Start of Information shown

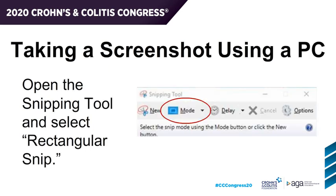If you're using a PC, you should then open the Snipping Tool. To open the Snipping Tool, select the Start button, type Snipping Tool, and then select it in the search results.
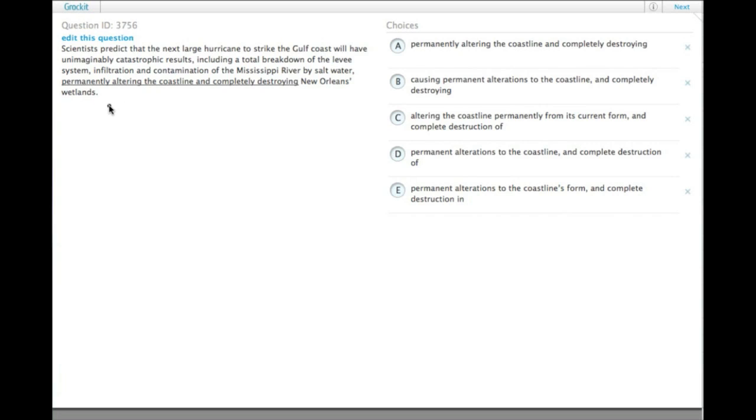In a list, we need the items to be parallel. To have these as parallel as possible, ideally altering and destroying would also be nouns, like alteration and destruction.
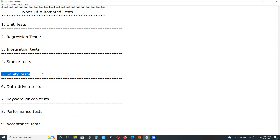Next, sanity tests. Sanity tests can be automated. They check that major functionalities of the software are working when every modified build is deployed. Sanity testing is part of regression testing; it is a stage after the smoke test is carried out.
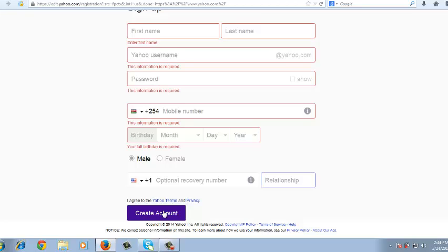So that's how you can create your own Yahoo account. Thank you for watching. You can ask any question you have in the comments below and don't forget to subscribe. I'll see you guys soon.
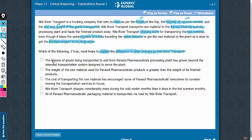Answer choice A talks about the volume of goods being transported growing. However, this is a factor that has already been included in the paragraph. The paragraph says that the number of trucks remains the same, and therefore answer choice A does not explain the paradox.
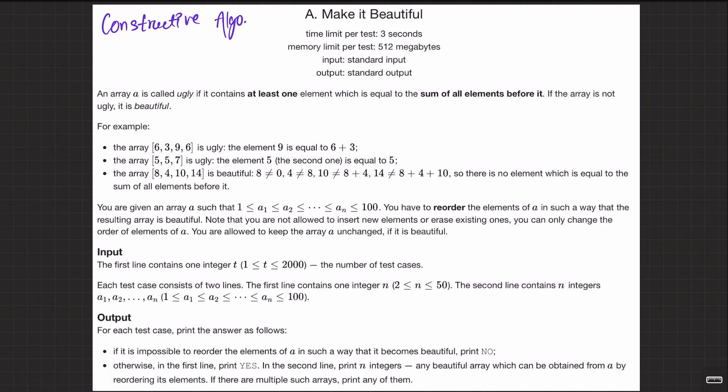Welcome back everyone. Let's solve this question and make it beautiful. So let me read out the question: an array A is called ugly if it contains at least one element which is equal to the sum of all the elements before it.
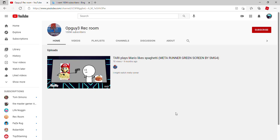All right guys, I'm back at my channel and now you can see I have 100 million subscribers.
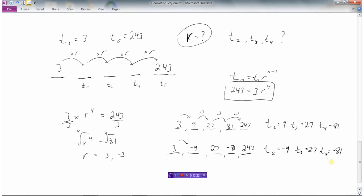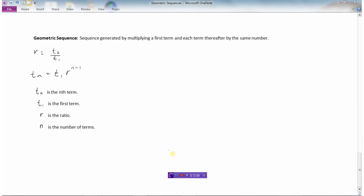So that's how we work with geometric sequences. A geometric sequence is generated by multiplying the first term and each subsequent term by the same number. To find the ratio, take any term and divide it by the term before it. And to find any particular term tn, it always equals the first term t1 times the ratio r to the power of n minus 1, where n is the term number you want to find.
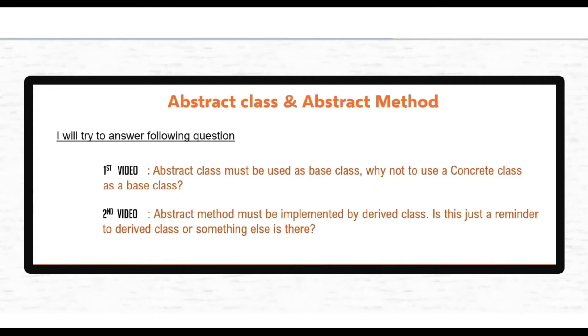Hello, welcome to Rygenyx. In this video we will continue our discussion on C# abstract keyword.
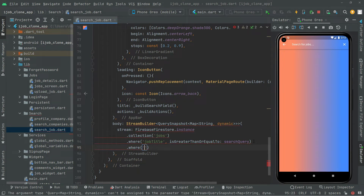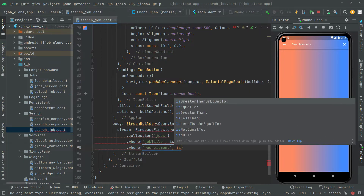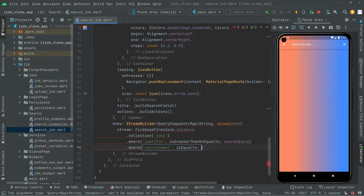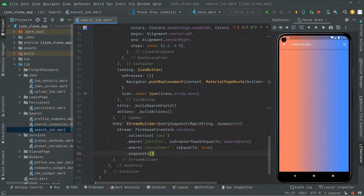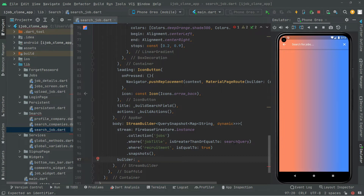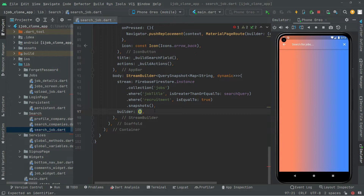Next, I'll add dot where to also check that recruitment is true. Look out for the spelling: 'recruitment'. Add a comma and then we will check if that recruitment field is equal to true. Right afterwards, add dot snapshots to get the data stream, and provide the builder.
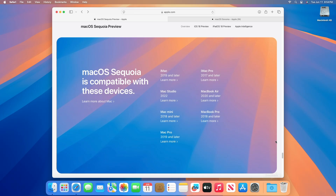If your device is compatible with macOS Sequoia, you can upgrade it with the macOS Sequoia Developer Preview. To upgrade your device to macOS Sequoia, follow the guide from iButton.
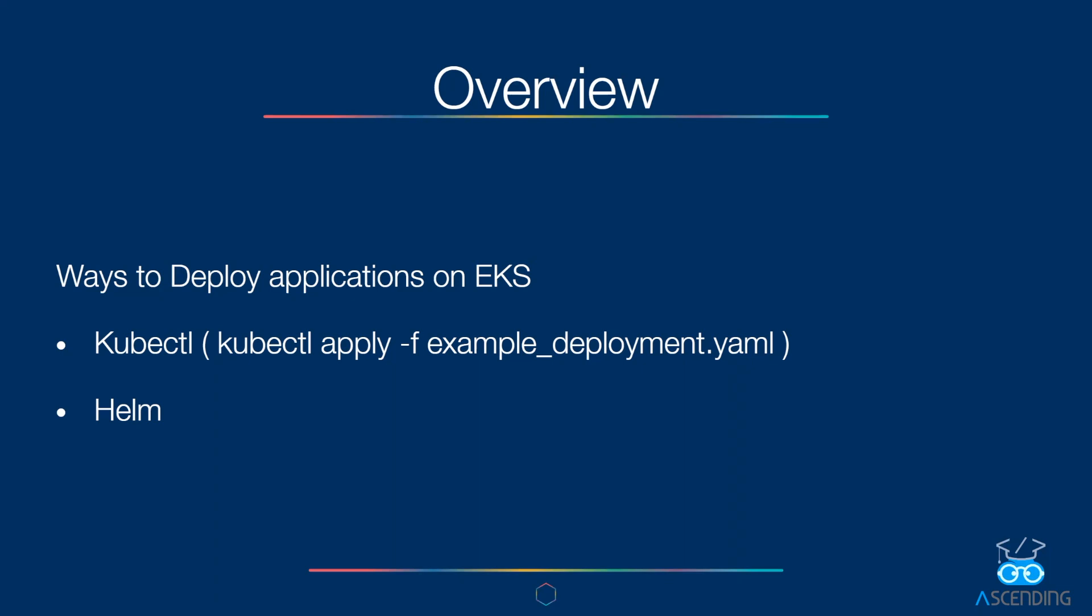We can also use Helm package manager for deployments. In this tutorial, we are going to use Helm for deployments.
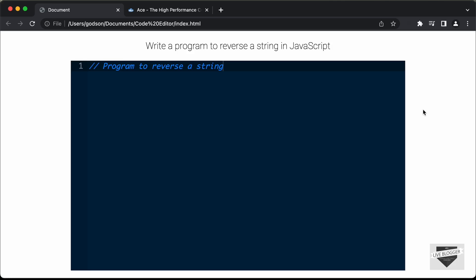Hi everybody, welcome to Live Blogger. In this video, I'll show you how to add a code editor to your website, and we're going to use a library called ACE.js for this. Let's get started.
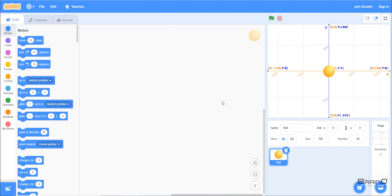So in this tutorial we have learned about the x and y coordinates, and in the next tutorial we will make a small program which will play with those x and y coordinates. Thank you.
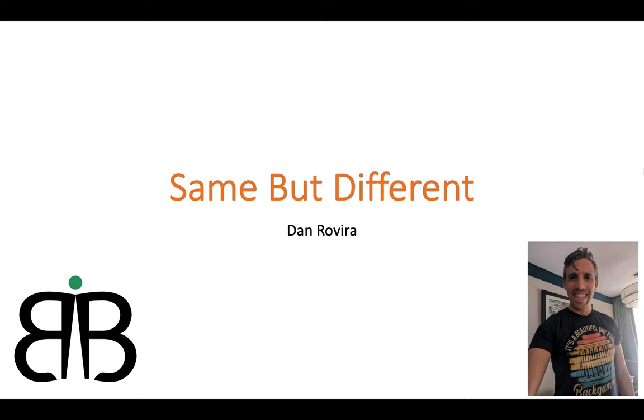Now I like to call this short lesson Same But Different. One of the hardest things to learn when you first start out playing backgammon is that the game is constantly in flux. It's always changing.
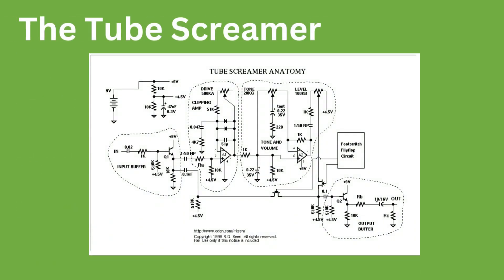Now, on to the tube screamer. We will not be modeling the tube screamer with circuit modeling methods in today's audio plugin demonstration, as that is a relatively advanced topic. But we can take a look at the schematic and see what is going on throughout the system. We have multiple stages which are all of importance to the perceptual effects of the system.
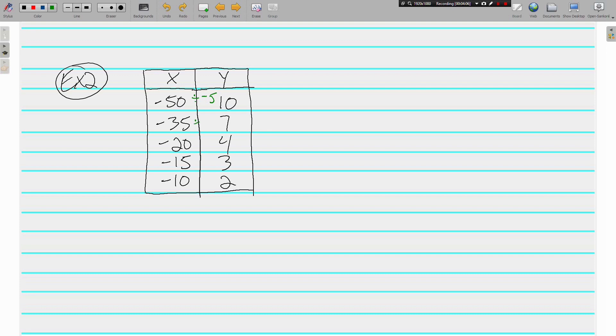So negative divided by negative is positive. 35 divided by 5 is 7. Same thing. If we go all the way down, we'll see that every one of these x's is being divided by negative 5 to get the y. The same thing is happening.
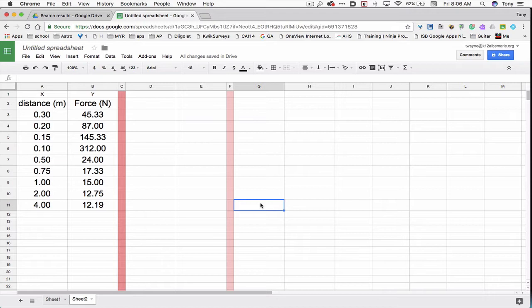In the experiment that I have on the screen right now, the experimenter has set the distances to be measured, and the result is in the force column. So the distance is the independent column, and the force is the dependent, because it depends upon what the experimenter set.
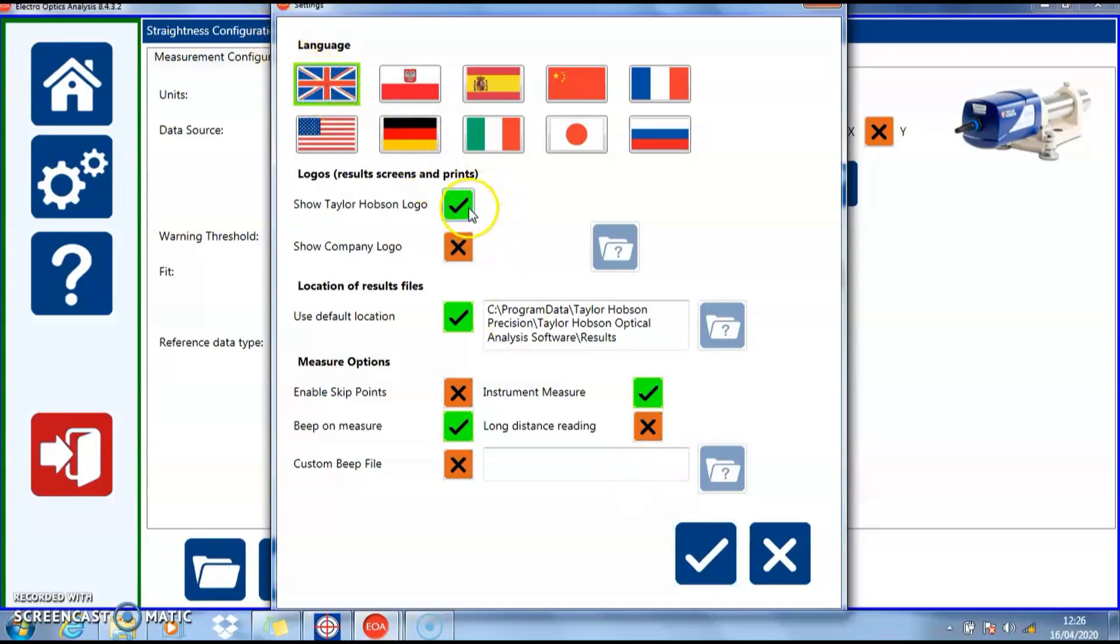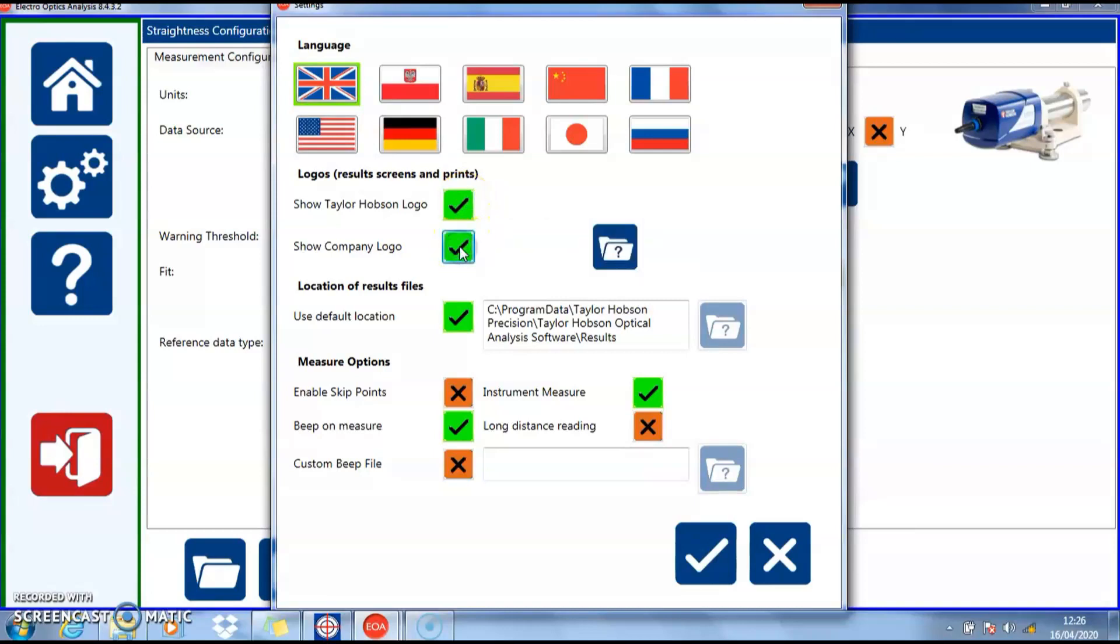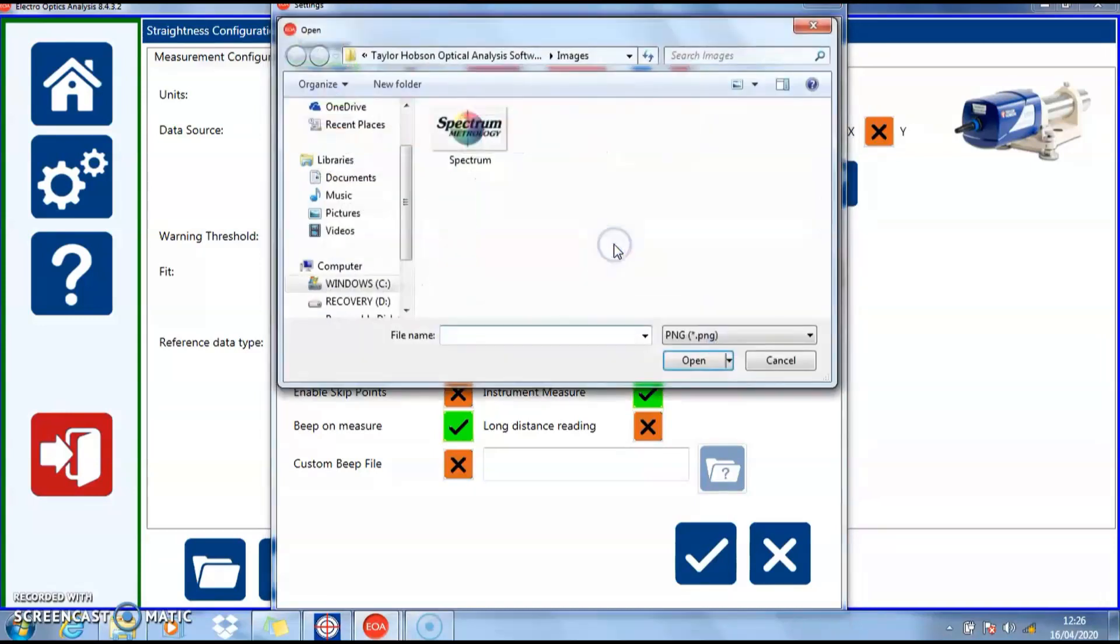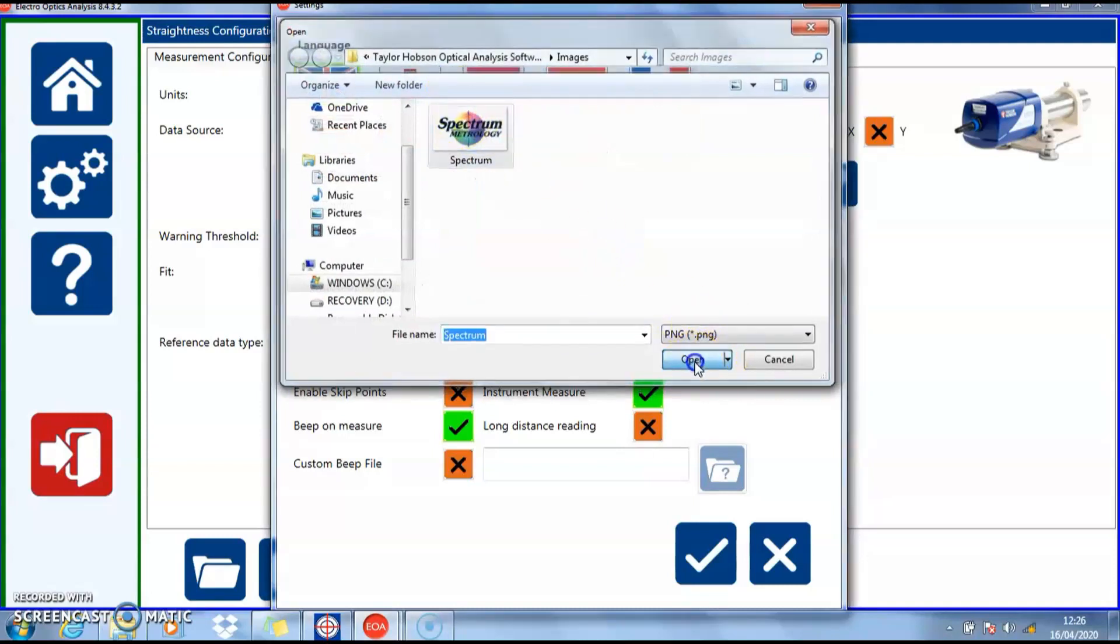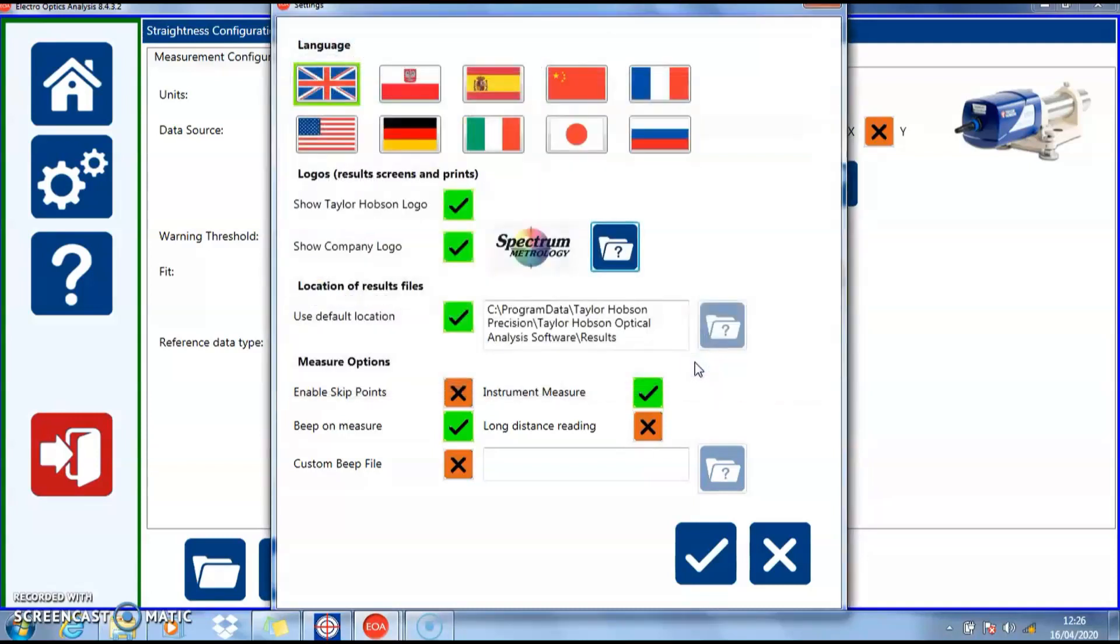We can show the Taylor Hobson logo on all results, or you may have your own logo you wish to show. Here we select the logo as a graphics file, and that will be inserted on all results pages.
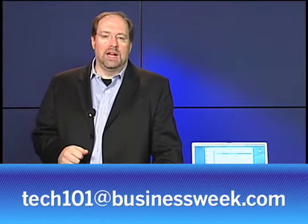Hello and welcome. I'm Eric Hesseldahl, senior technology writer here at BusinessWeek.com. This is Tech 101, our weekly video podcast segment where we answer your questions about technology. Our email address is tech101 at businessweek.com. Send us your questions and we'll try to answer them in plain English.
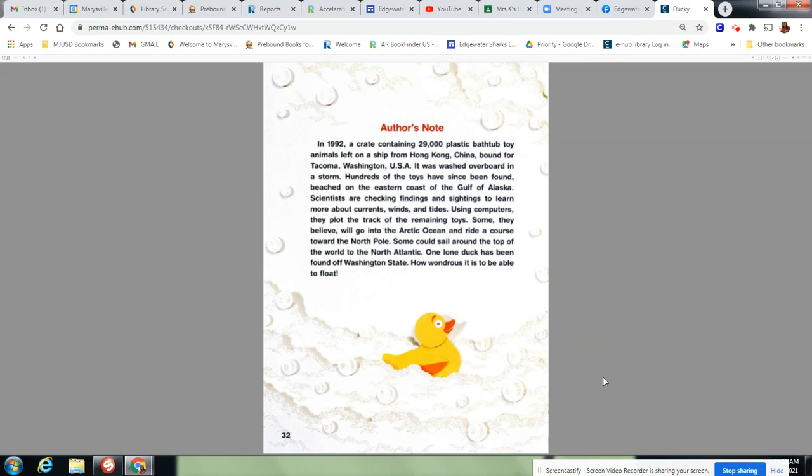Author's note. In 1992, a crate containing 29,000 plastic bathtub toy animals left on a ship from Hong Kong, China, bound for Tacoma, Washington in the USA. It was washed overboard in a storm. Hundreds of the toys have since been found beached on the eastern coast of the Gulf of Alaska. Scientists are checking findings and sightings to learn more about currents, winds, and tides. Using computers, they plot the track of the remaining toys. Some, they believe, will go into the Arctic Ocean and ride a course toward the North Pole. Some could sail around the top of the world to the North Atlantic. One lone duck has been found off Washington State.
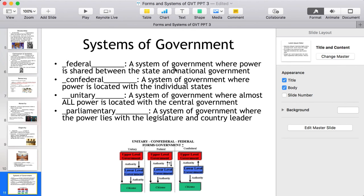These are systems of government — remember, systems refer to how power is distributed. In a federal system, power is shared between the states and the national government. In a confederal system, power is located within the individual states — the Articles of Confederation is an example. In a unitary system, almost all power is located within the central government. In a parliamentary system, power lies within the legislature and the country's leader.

End of Information shown

Assignment
Take the lines from the start of the entries through the line containing "In a list, we" and set them down exactly, leaving out every picture.

Solution for this task
If you're using a PC, you should then open the Snipping Tool. To open the Snipping Tool, select the Start button, type Snipping Tool, and then select it in the search results.
In a list, we need the items to be parallel. To have these as parallel as possible, ideally altering and destroying would also be nouns, like alteration and destruction.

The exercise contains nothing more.